Wien. (kill/apa) Die Arbeitslosigkeit wird trotz eines zarten Konjunkturaufschwungs weiter steigen - in einer Form, wie es die Experten bisher nicht erwartet haben. Heuer steigt die Arbeitslosenrate nach nationaler Definition laut Wirtschaftsforschungsinstitut (Wifo) von 8,4 Prozent im Vorjahr auf 9,3 Prozent, 2016 wird eine Quote von 9,6 Prozent erwartet. Das Institut für Höhere Studien (IHS) rechnet mit jeweils 9,1 Prozent. "Am Arbeitsmarkt haben wir ein dringendes Problem", so Wifo-Chef Karl Aiginger, der die "zu hohe Inflation" und eine "zu geringe Produktivität" als Probleme anführt: "Wir brauchen Reformen, um unsere Spitzenposition fortsetzen zu können."
Das Angebot an Arbeitskräften steigt stärker als die Nachfrage. "Für eine Stabilisierung der Arbeitslosenquote ist das Wachstum bis 2016 zu gering", heißt es vom IHS. Aiginger rechnet mit 377.400 vorgemerkten Arbeitslosen im kommenden Jahr. 2008 - vor der Finanz- und Wirtschaftskrise - waren es 212.000 Arbeitslose.
Heuer setzt sich das schwache Wirtschaftswachstum das vierte Jahr in Folge fort.
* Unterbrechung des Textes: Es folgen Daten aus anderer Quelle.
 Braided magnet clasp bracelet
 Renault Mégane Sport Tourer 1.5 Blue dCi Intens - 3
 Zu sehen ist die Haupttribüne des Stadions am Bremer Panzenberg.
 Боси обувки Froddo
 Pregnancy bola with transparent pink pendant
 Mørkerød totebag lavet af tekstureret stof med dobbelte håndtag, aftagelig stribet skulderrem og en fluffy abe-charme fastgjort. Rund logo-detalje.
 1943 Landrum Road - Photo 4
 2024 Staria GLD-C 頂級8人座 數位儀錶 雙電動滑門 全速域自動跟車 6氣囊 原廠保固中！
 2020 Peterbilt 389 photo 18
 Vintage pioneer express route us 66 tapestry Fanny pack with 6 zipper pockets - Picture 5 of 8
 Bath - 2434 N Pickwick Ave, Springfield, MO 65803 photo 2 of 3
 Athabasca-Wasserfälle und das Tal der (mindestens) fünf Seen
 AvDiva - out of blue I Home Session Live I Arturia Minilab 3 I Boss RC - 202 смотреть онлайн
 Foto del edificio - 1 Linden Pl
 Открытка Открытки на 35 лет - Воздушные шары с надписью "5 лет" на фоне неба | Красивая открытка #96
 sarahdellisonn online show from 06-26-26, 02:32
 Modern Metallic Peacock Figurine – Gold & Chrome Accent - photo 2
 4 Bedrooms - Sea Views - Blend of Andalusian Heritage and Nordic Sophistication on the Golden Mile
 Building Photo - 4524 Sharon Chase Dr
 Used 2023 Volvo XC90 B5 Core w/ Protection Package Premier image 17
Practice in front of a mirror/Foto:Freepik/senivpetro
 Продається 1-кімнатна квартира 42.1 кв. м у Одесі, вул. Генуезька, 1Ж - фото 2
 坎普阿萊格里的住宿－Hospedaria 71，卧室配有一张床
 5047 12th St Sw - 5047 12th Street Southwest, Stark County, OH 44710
Das Wifo geht in der am Donnerstag präsentierten vierteljährlichen Prognose unverändert davon aus, dass die heimische Volkswirtschaft heuer real um 0,5 Prozent wächst, das IHS senkte seine Prognose leicht von 0,8 auf 0,7 Prozent. Damit wächst die heimische Wirtschaft das zweite Jahr geringer als die Eurozone. 2016 erholt sich die Konjunktur, weil die Auslandsnachfrage anzieht. Die Wirtschaftsforscher prognostizieren ein Plus von 1,3 Prozent (Wifo) beziehungsweise 1,8 Prozent (IHS).
Schlechtreden kann Standort verschlechtern
In der weiter steigenden Arbeitslosigkeit, der im Vergleich zu Deutschland zu hohen Inflation und einem Reformmangel bei Bildung, Forschung, Umwelt und den Staatsausgaben sehen Wifo und IHS die größten Probleme Österreichs. Die Wettbewerbsfaktoren seien für ein Spitzenland nicht geeignet. Helmut Hofer, wirtschaftspolitischer Sprecher des IHS, hofft auf "mäßige Lohnforderungen" der Arbeitnehmer infolge der Entlastung durch die Steuerreform. Das könnte Österreich wettbewerbsfähiger machen.
Angegangen werden sollten die Lohnnebenkosten, hier müsse man etwas machen, so Hofer. Denn durch die Steuerreform seien sie eigentlich gestiegen - nämlich durch die Erhöhung der Höchstbemessungsgrundlage. Auch deshalb sei die Stimmung bei den Unternehmern so schlecht; dort habe man "eigentlich den Eindruck, dass man nicht entlastet wurde". Das drücke auf die Investitionen. Durch dieses Schlechtreden verschlechtere sich der Standort Österreich womöglich wirklich, warnte Hofer. Aiginger: "Die Steuerreform muss verbunden werden mit einem glaubwürdigen Reformkurs, sonst wird sie sich als wirkungslos erweisen." Es brauche eine langfristige Strategie, es gehe um Ausbildung, Forschung, den Umweltsektor, das Gesundheitswesen, eine bessere Integration von Migranten entsprechend ihrer Qualifikation und Staatsausgaben.